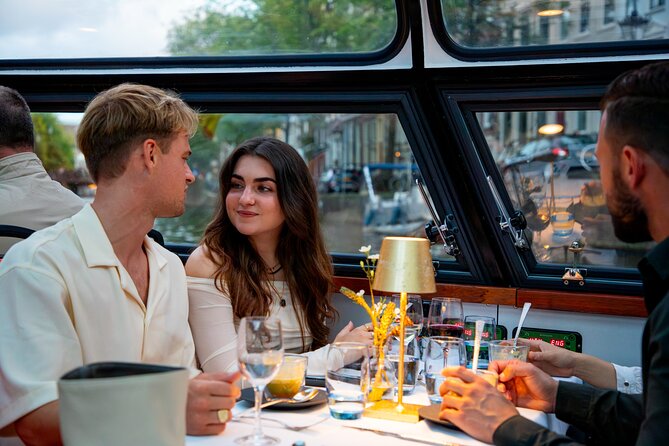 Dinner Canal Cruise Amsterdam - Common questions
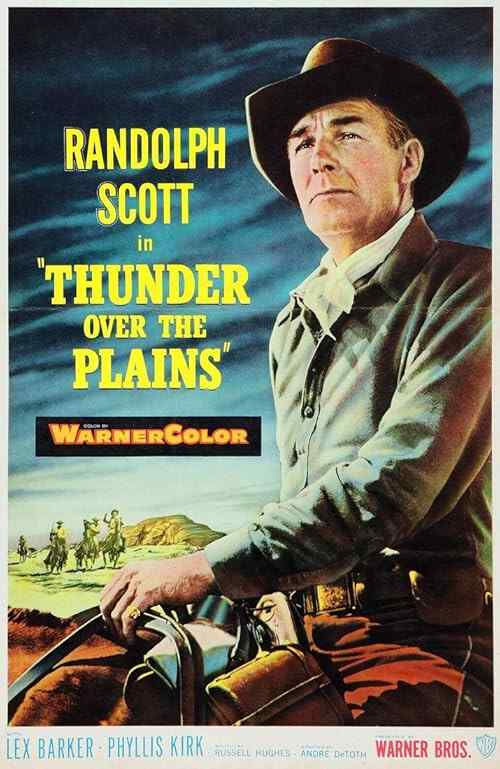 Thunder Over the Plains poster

——

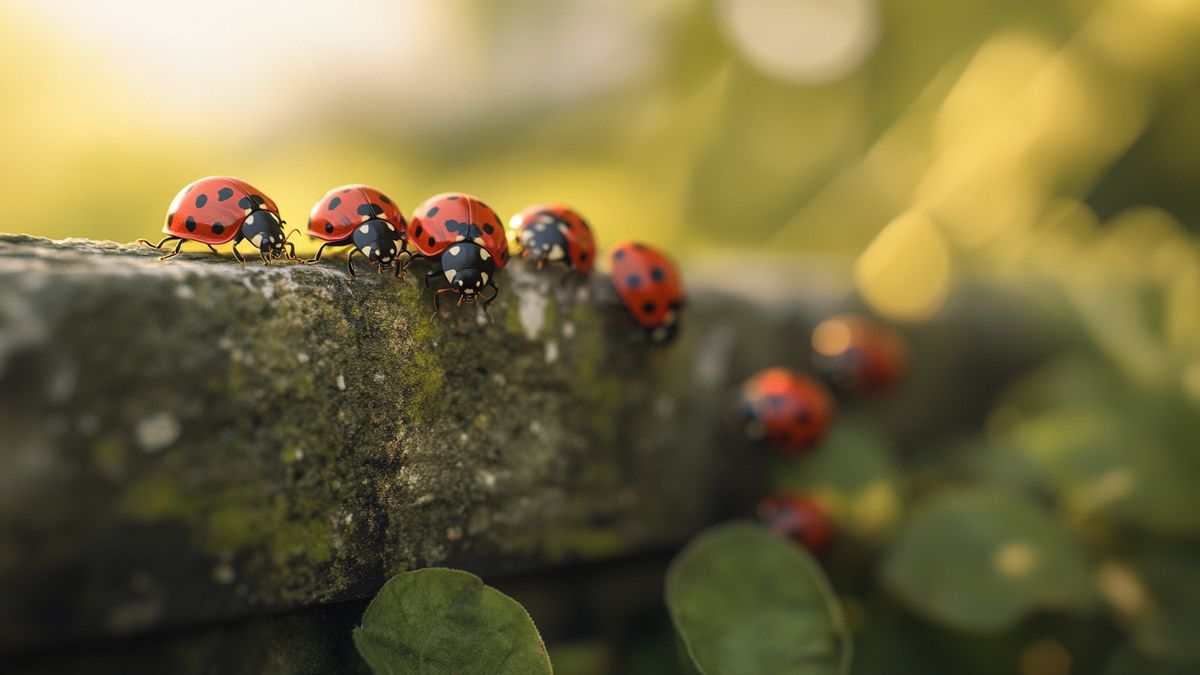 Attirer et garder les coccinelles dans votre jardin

——

TASK OBJECTIVE => Find the line with "Dinner Canal Cruise" in the entries above. Set down exactly every line from it up to and including the line with "Thunder Over the Plains poster", images excluded.

ANSWER SPACE =>
 Dinner Canal Cruise Amsterdam - Common questions
 Thunder Over the Plains poster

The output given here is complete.